An auction for the DMO to savour

The DMO can be satisfied with yesterday’s monthly auction of FGN bonds. It offered N135bn, raised N244bn (US$800m) and attracted a total bid of N395bn, the highest for at least four years. The bid for the five-year benchmark, which has created some marketing headaches of late at the DMO, was the best since February. Further, the stop rates for the three reopened issues on offer were between 81bps and 98bps lower than the previous month. All falls in issuance costs are welcome at the FGN, which is struggling under a domestic debt service mountain.

The DMO has now raised N1.26trn from sales of bonds at auction in just nine months and so reached the target of N1.25trn for domestic financing of the 2017 budget deficit. It can therefore approach the remaining auctions in 2017 from a position of relative strength.

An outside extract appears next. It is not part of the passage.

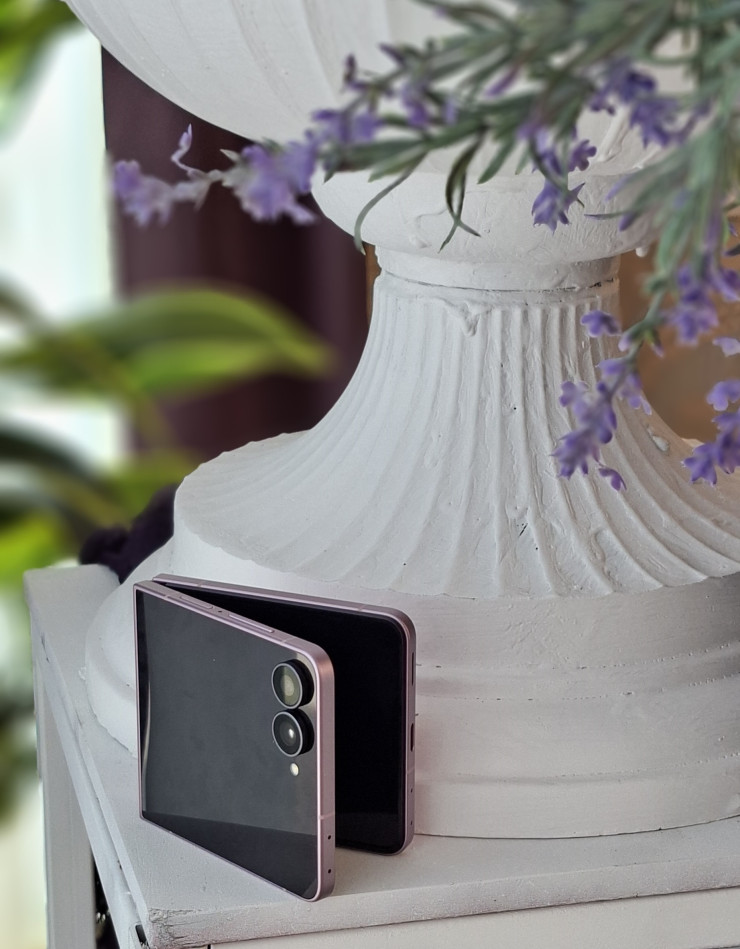 Galaxy Z Flip8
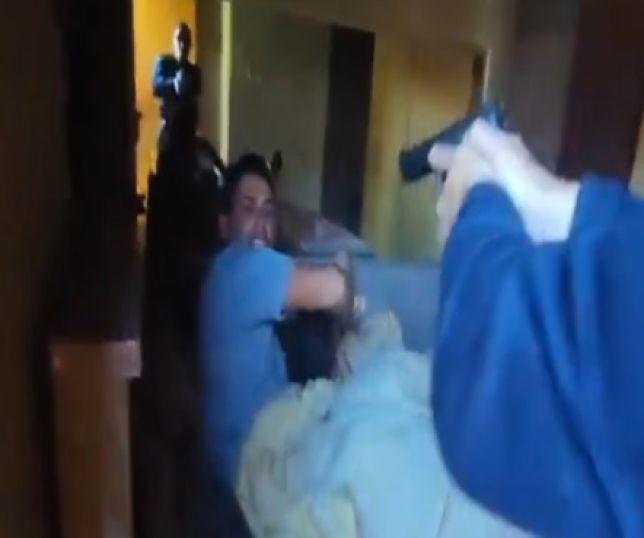 IMAGENS FORTES! Pai faz filho de refém e acaba morto com um tiro na cabeça por policial. VEJA VÍDEO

Yet it may have to raise additional funds at auction because the deficit may overshoot in view of poor non-oil revenue collection and because there are uncertainties surrounding the attainment of the target of N1.07trn (US$3.5bn at the budget rate of N305) for external financing of the deficit.

The FGN bonds are no longer the only element in the financing target. The DMO can look to modest contributions from its retail savings bonds and last week’s maiden sukuk (Islamic bond) launch.

As well as this latest auction, the DMO can take satisfaction from the fact that the N100bn sukuk offer was modestly oversubscribed.

Institutional demand for FGN paper has been boosted by a change in the CBN strategy at OMOs and by the return of offshore investors. For the sake of context we note that bond yields are back where they were in Q4 2016.